╭─ Information shown
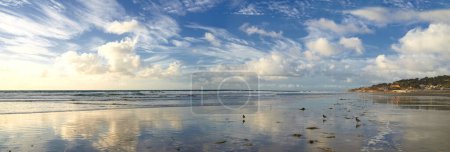 Téléchargez les photos : Ciel bleu, océan et paysage de plage en Californie pour des vacances tropicales, vacances et destination de voyage. Nature, île et mer, vagues et eau en été pour l'emplacement, le fond et l'horizon. - en image libre de droit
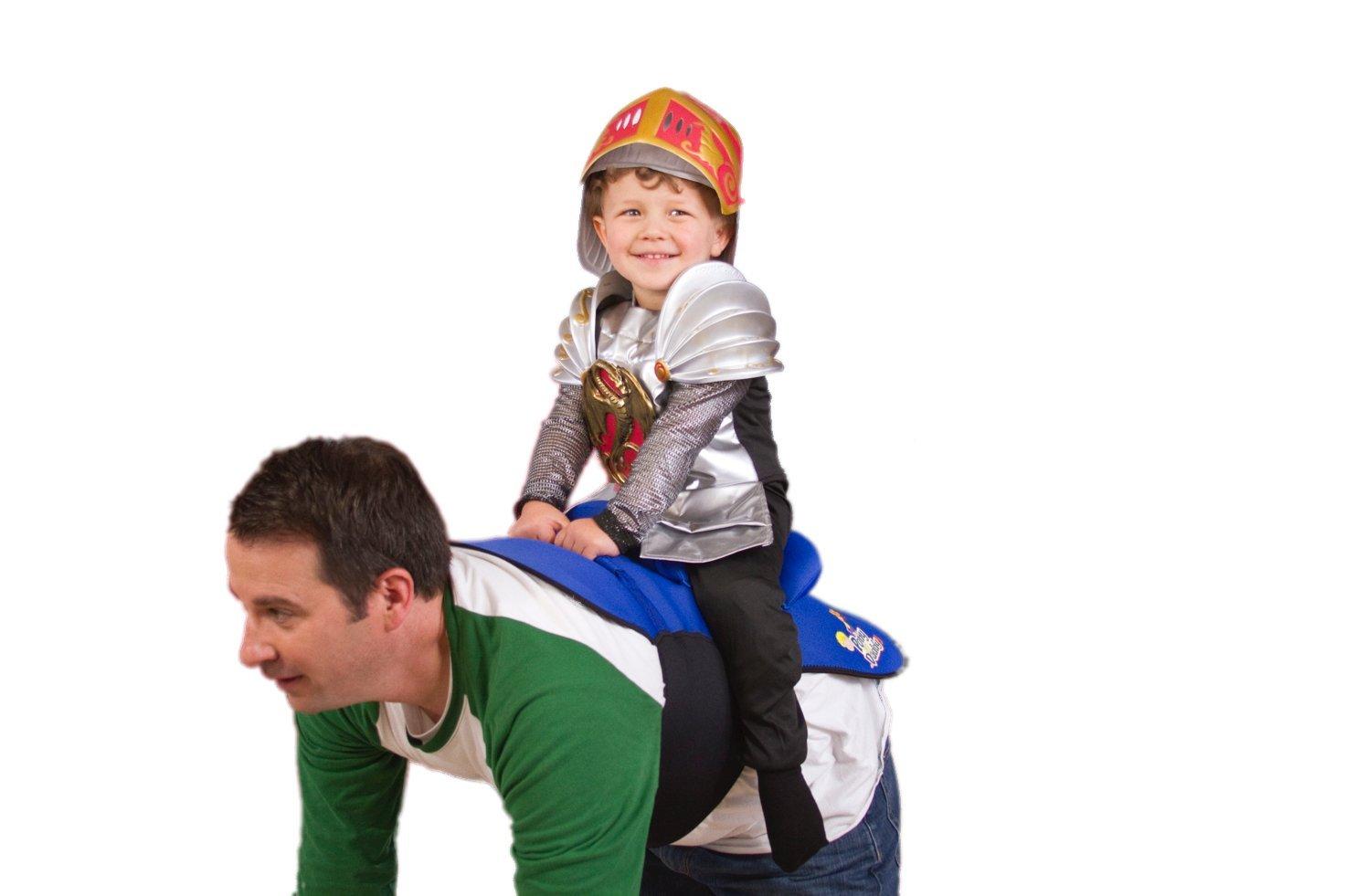 Pony Up Daddy Pony Up Daddy - Neoprene Parent Saddle with Easy Close Strap - Features Padded Seat and Grab Handle for Safe and Comfortable Play Pony Rides - Fits Up to 50\" Chest Size - Sheriff Blue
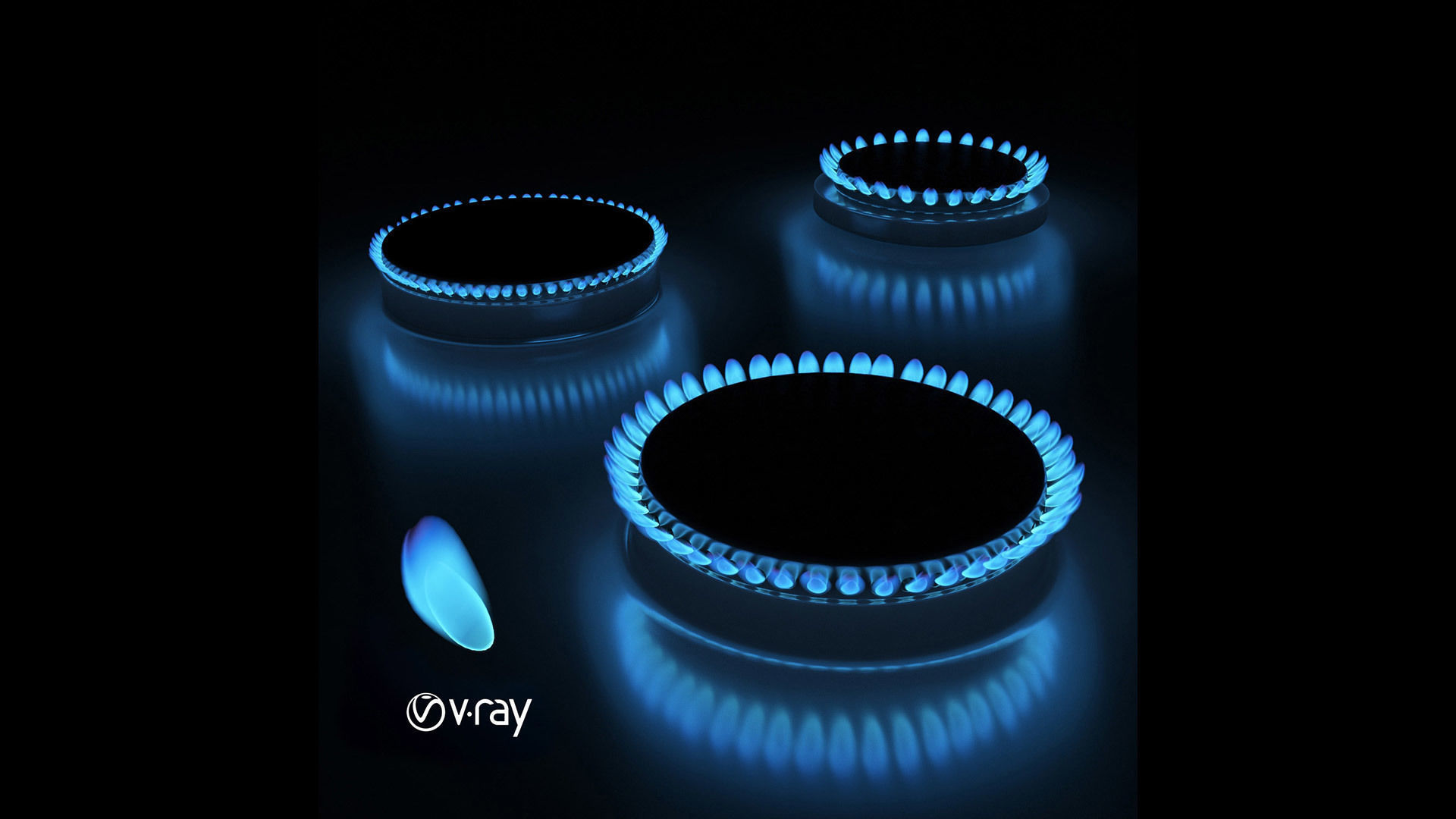 Gas hob flame 3D model_4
╰─
▶ _Exercise brief_
Could you give all of the data again exactly as written, omitting any pictures?

▶ _Output for this task_
 Téléchargez les photos : Ciel bleu, océan et paysage de plage en Californie pour des vacances tropicales, vacances et destination de voyage. Nature, île et mer, vagues et eau en été pour l'emplacement, le fond et l'horizon. - en image libre de droit
 Pony Up Daddy Pony Up Daddy - Neoprene Parent Saddle with Easy Close Strap - Features Padded Seat and Grab Handle for Safe and Comfortable Play Pony Rides - Fits Up to 50\" Chest Size - Sheriff Blue
 Gas hob flame 3D model_4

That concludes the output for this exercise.